It was partly his music, but it was mainly that he looked like an angel with his pale blonde hair, his porcelain skin, and his light amber eyes. When he burst onto the rock and roll / blues scene in the early 1970s, John Dawson Winter III (Johnny Winter) often dressed in Renaissance-inflected loose, flowing shirts and shiny slacks along with elegant platform shoes -- he could have stepped off the canvas painted by Botticelli, Tintoretto, Caravaggio, or other Italian Renaissance artist. His younger brother, Edgar, was also an albino and a musician. Edgar, however, was not beautiful, nor was he the least bit angelic, despite the fact that he adorned himself with chunky women's necklaces and you had to wonder who came first - Edgar Winter or David Bowie. I remained unmoved by Ziggy Stardust and the Spiders from Mars. However, when it came to Johnny Winter, I was utterly transfixed.
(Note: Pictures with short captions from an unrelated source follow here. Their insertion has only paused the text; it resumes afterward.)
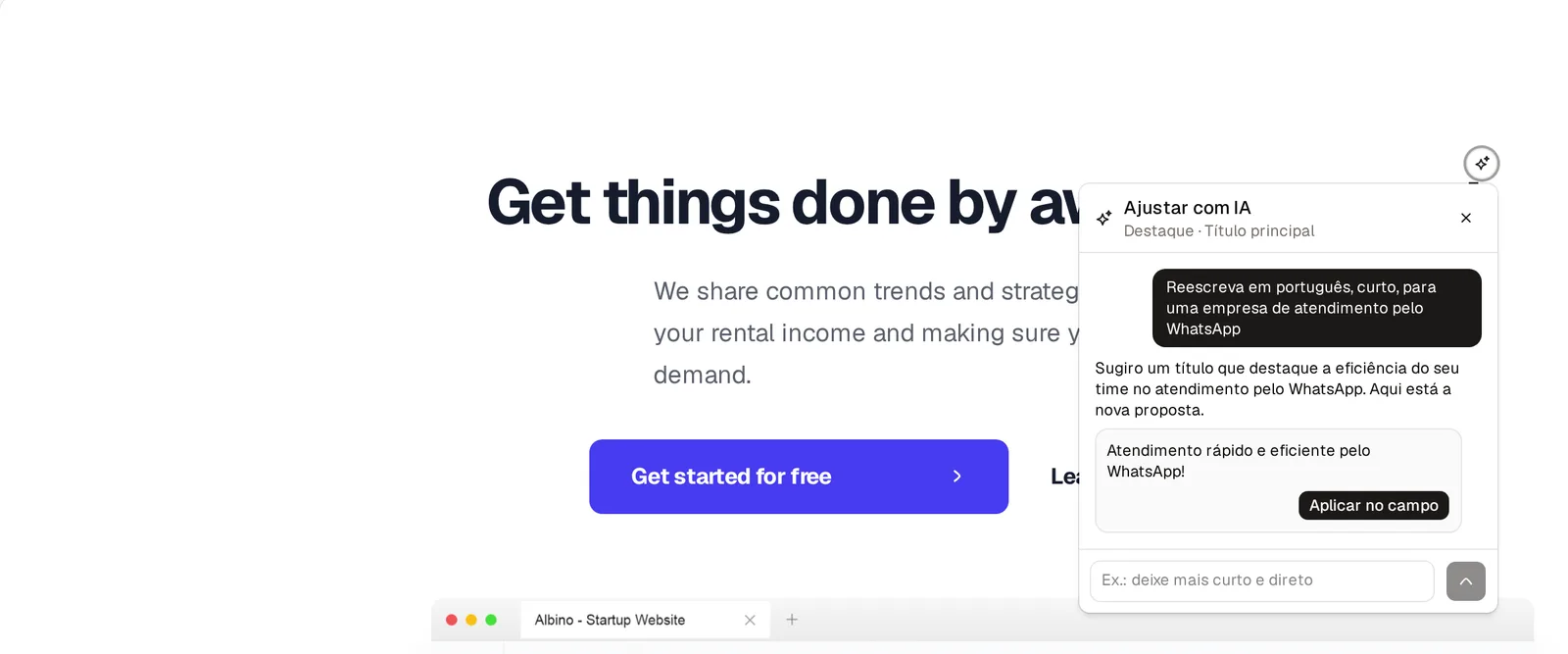 Chat da Steel AI aberto sobre o título de uma landing page, com a sugestão "Atendimento rápido e eficiente pelo WhatsApp!" e o botão Aplicar no campo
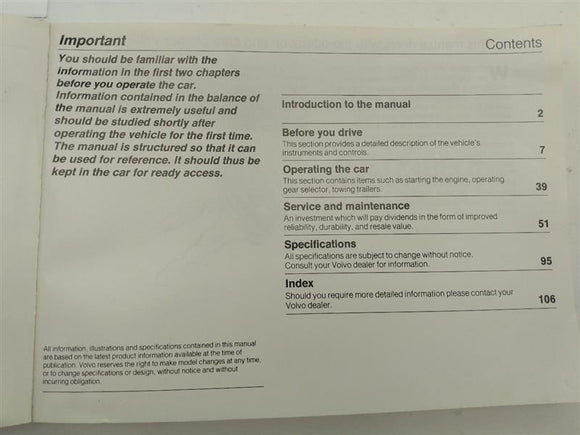 Volvo 240 Owners Manual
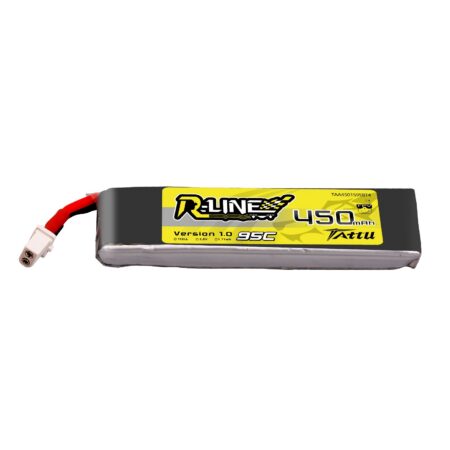 Tattu 450mAh 1S 95C 3.8V(HV) LiPo aku – BT 2.0 pistik – R-Line 1.0 (4pcs)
I loved Johnny Winter's music because it was so expressive, although I did not even
like the blues. His slide guitar work was mesmerizing, especially when I
could watch him perform at a concert recorded for television. I liked
it also that Johnny Winter was a man of few words; he spoke through his
costuming and also through his music. When Johnny Winter died, he was no
longer beautiful in the same way that he had been when he was in his
20s and 30s. Years of heroin addiction will do that to you. However,
there was still something in his stage presence that pulled in the
ineffable, and at 70, he had the same heart-stopping phrasing and his
voice the same forceful growl; a sound utterly at odds with his frail,
often other-worldly appearance. He was still an angel, albeit one whose
appearance tugged your heartstrings because he still did what angels
did, which was to be in touch with the divine, and bring the music of
the spheres to our own mortal coils.